*** Supplied records
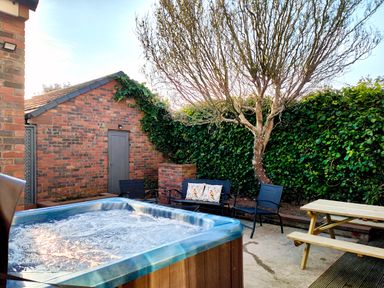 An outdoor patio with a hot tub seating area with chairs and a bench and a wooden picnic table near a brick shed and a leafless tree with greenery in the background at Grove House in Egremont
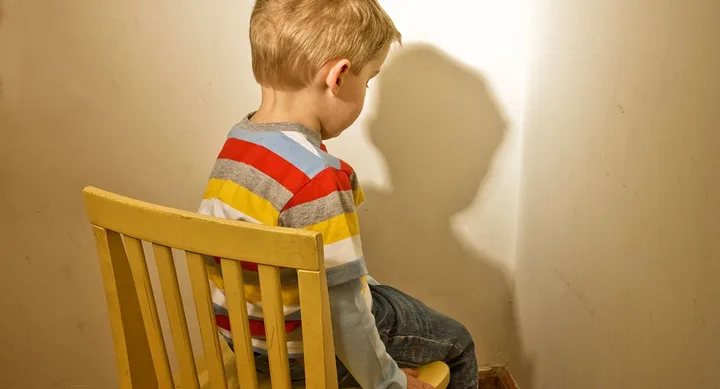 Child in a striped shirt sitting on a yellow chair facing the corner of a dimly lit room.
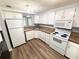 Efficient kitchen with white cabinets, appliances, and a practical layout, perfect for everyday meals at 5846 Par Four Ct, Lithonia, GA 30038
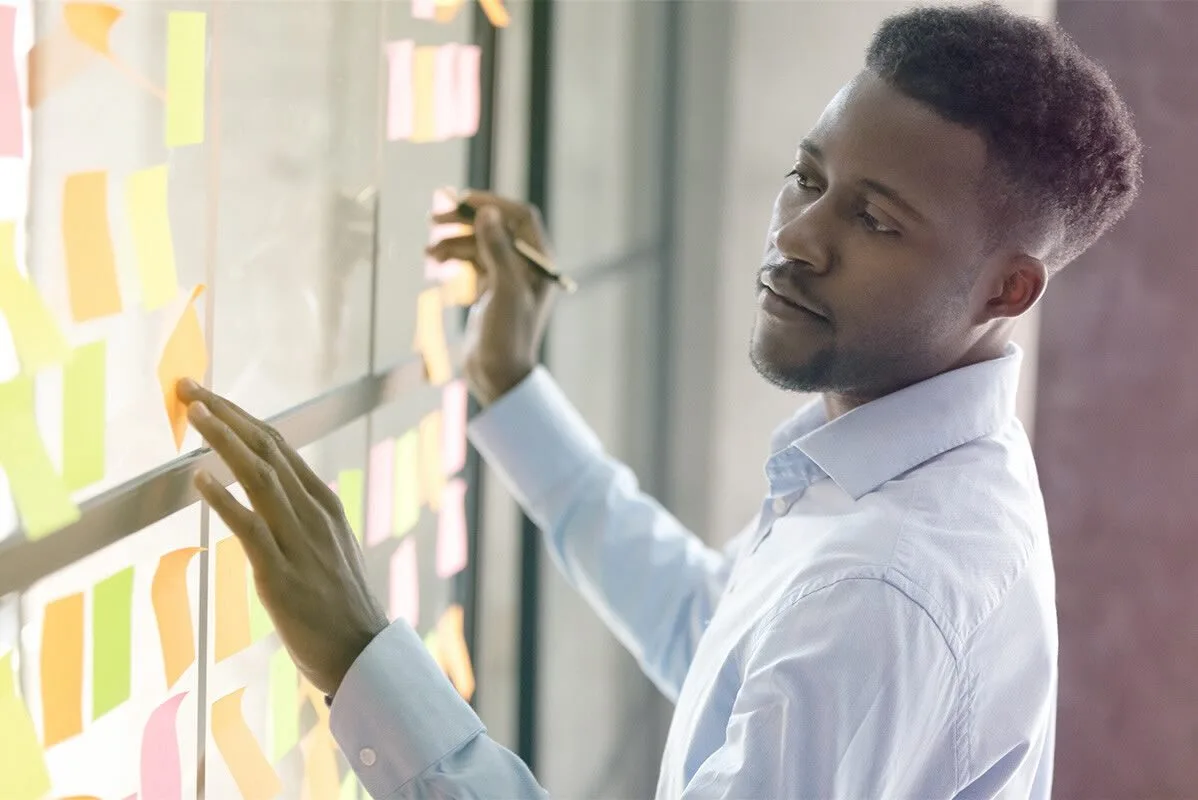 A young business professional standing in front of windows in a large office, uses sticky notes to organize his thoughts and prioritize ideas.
******
*** Supplied records
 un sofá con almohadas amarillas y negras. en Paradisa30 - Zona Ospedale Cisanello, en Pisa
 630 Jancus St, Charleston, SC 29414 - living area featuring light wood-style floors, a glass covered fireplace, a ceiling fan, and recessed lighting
******
*** Supplied records
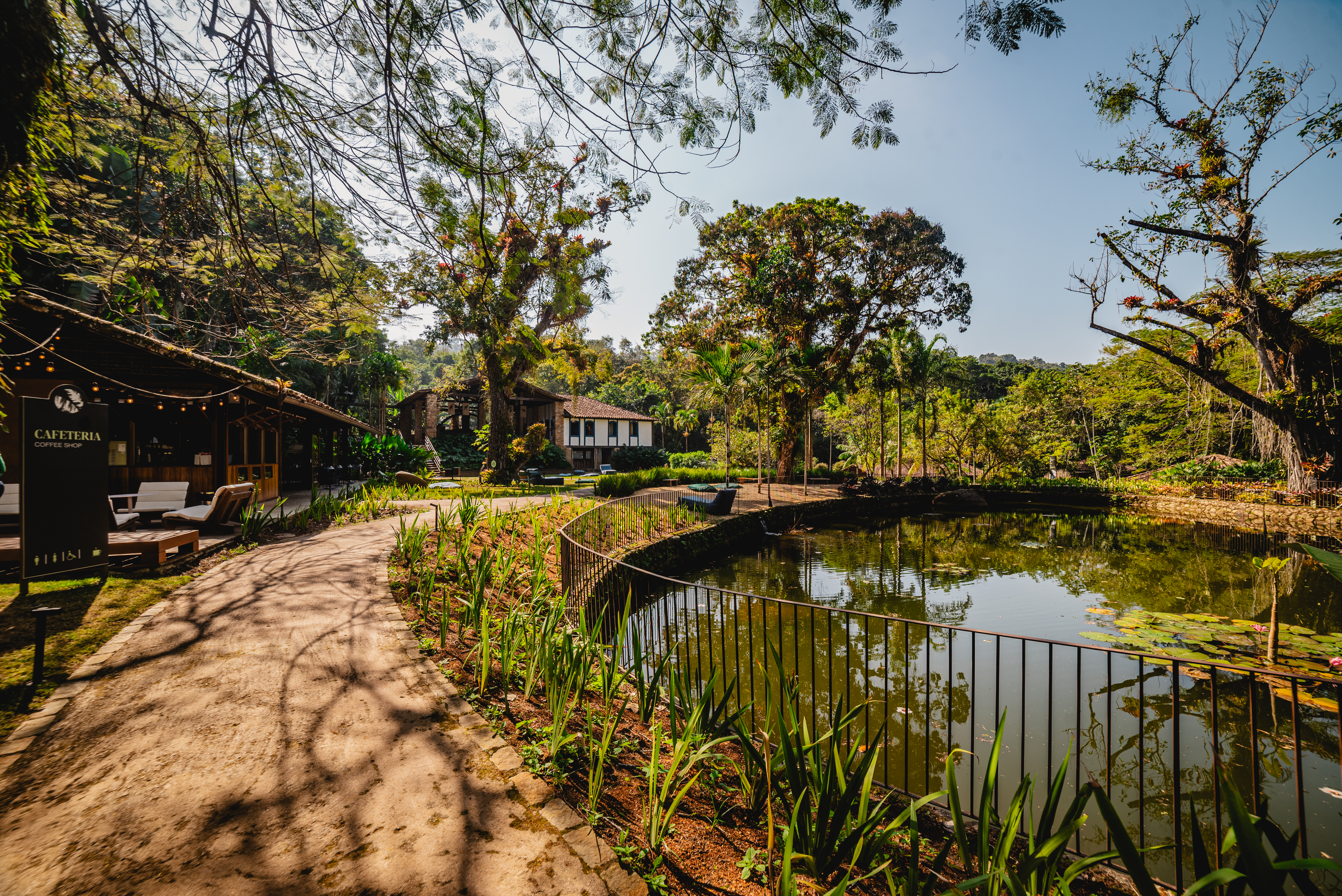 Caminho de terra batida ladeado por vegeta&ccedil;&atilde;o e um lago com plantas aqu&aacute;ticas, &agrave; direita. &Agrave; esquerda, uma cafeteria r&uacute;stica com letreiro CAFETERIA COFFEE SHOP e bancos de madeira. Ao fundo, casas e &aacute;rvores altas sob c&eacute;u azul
******
_Problem:_ Please return the material above only from the line that holds "Child in a striped" through the line that holds "A young business", exactly as it stands, ends included and pictures omitted.

_Problem solution:_
 Child in a striped shirt sitting on a yellow chair facing the corner of a dimly lit room.
 Efficient kitchen with white cabinets, appliances, and a practical layout, perfect for everyday meals at 5846 Par Four Ct, Lithonia, GA 30038
 A young business professional standing in front of windows in a large office, uses sticky notes to organize his thoughts and prioritize ideas.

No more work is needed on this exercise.